Scraped caption text data
☆ ☆ ☆ ☆

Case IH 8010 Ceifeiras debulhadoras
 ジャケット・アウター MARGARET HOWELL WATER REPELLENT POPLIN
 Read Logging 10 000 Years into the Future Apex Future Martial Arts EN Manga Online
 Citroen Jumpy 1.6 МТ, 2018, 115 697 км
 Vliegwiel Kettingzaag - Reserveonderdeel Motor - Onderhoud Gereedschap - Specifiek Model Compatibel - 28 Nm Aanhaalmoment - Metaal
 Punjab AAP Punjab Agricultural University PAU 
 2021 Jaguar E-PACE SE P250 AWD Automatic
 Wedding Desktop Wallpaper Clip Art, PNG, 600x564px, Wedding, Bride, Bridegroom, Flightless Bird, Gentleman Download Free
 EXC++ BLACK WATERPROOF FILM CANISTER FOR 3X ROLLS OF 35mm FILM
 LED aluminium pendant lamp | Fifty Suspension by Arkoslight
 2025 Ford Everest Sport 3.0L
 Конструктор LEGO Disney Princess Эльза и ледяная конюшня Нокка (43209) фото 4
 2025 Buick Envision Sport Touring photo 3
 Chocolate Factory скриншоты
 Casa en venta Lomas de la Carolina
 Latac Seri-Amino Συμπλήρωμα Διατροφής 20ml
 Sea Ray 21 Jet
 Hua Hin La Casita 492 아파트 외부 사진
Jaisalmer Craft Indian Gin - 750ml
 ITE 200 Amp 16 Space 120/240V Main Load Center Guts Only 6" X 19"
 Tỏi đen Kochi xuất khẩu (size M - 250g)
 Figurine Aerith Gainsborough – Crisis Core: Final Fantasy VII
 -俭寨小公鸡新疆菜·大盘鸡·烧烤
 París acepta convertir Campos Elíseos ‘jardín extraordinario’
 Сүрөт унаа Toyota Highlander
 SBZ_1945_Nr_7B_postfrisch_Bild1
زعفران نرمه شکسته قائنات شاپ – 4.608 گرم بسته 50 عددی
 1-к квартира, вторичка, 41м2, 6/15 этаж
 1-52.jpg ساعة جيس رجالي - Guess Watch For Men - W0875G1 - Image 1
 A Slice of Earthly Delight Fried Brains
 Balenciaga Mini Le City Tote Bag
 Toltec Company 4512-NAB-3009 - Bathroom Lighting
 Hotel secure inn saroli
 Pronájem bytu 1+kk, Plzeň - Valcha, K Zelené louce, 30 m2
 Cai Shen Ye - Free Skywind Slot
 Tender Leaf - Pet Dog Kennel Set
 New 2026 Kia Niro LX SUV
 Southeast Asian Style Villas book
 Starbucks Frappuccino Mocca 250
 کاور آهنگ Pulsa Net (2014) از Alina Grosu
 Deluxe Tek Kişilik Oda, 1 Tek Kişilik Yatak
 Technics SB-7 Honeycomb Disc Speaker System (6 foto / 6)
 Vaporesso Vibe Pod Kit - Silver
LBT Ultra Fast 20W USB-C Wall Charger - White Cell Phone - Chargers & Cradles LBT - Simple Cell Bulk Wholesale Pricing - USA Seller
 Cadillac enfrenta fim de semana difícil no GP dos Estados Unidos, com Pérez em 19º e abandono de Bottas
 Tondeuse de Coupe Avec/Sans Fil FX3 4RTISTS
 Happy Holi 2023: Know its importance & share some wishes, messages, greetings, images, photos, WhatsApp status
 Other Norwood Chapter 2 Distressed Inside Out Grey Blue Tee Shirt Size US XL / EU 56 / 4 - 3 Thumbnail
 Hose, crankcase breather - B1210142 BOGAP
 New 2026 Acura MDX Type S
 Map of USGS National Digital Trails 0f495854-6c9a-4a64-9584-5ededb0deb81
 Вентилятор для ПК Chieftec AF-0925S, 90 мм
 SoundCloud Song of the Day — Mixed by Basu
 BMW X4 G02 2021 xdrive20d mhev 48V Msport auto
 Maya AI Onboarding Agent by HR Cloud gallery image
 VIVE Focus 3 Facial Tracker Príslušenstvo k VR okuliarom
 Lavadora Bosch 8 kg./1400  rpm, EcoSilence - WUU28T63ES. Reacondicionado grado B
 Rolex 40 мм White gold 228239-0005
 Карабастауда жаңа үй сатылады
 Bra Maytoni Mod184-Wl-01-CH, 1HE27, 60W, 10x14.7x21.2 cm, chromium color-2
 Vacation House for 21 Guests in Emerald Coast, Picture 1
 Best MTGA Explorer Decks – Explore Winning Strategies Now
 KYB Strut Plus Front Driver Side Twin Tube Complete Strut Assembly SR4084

☆ ☆ ☆ ☆

_Task directions_
Repeat only the lines starting at the one that contains "Rolex 40 мм White gold 228239-0005" and ending at the last line above, exactly as written.

_Exercise answer_
 Rolex 40 мм White gold 228239-0005
 Карабастауда жаңа үй сатылады
 Bra Maytoni Mod184-Wl-01-CH, 1HE27, 60W, 10x14.7x21.2 cm, chromium color-2
 Vacation House for 21 Guests in Emerald Coast, Picture 1
 Best MTGA Explorer Decks – Explore Winning Strategies Now
 KYB Strut Plus Front Driver Side Twin Tube Complete Strut Assembly SR4084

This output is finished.